*** Begin section ***

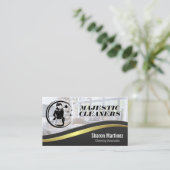 クリーニングMaidロゴ | ホームリビングルーム 名刺 (スタンド正面)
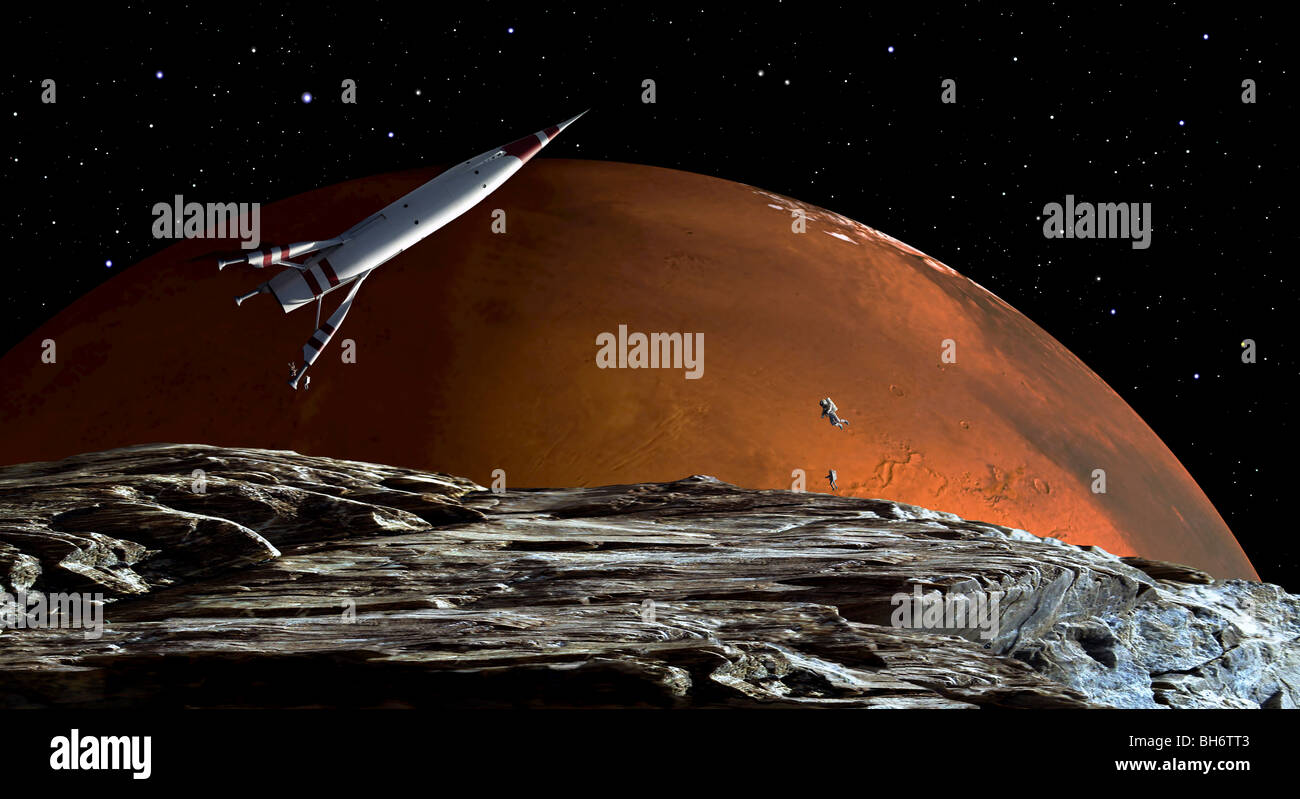 A spaceship in orbit over Mars moon, Phobos, with the red planet Mars in the background. Stock Photo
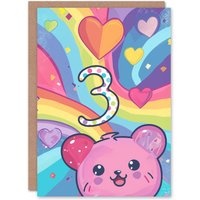 Artery8 Birthday Card Hamster Bear Rainbow Kawaii Cartoon Cute 3rd 3 Year Old For Child Kids Son Daughter Greeting Card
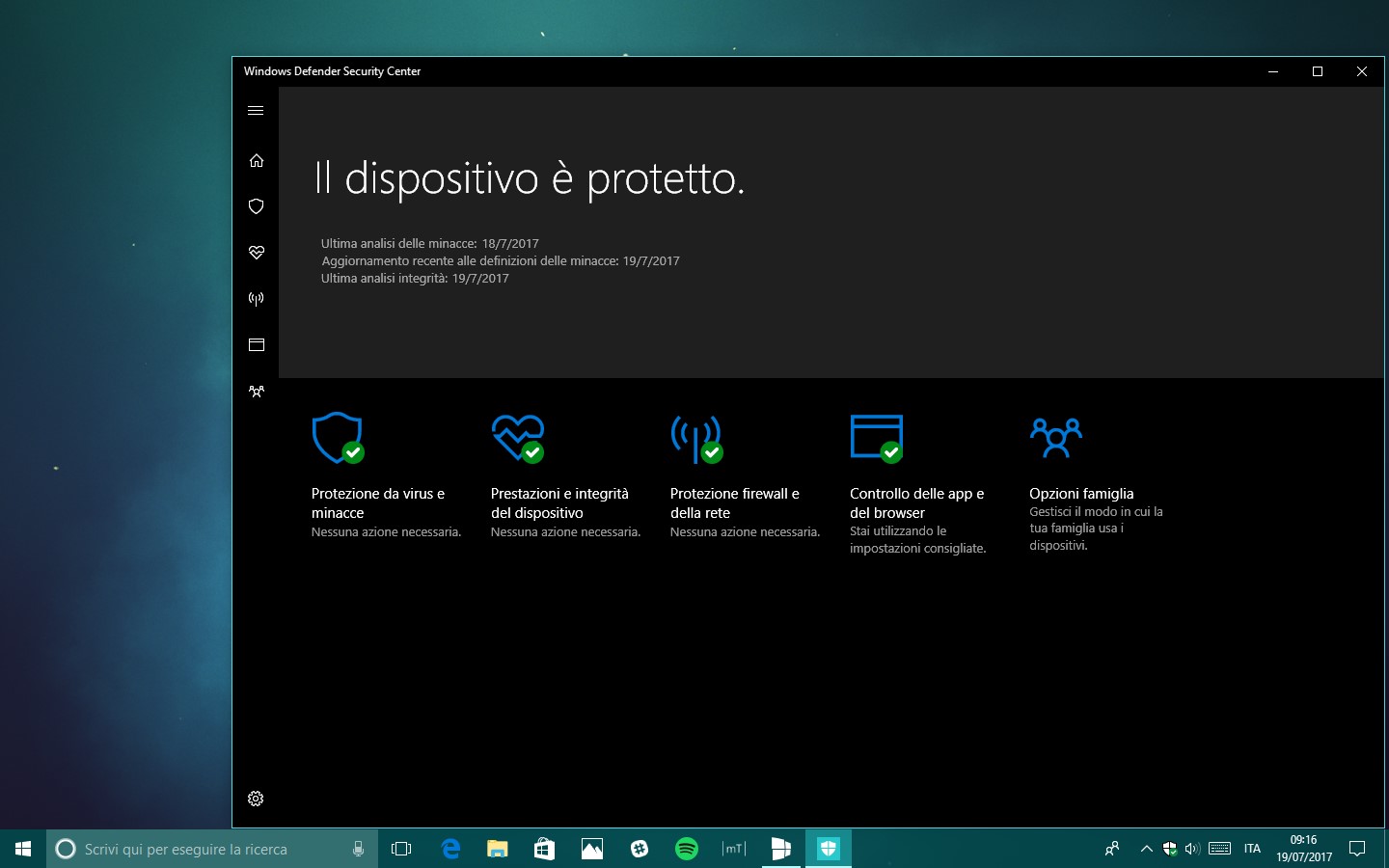 Windows Defender Security Center Windows 10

*** End section ***

ASSIGNMENT |
Images are to be left out; everything else in the material must be written out exactly.

EXERCISE RESPONSE |
 クリーニングMaidロゴ | ホームリビングルーム 名刺 (スタンド正面)
 A spaceship in orbit over Mars moon, Phobos, with the red planet Mars in the background. Stock Photo
 Artery8 Birthday Card Hamster Bear Rainbow Kawaii Cartoon Cute 3rd 3 Year Old For Child Kids Son Daughter Greeting Card
 Windows Defender Security Center Windows 10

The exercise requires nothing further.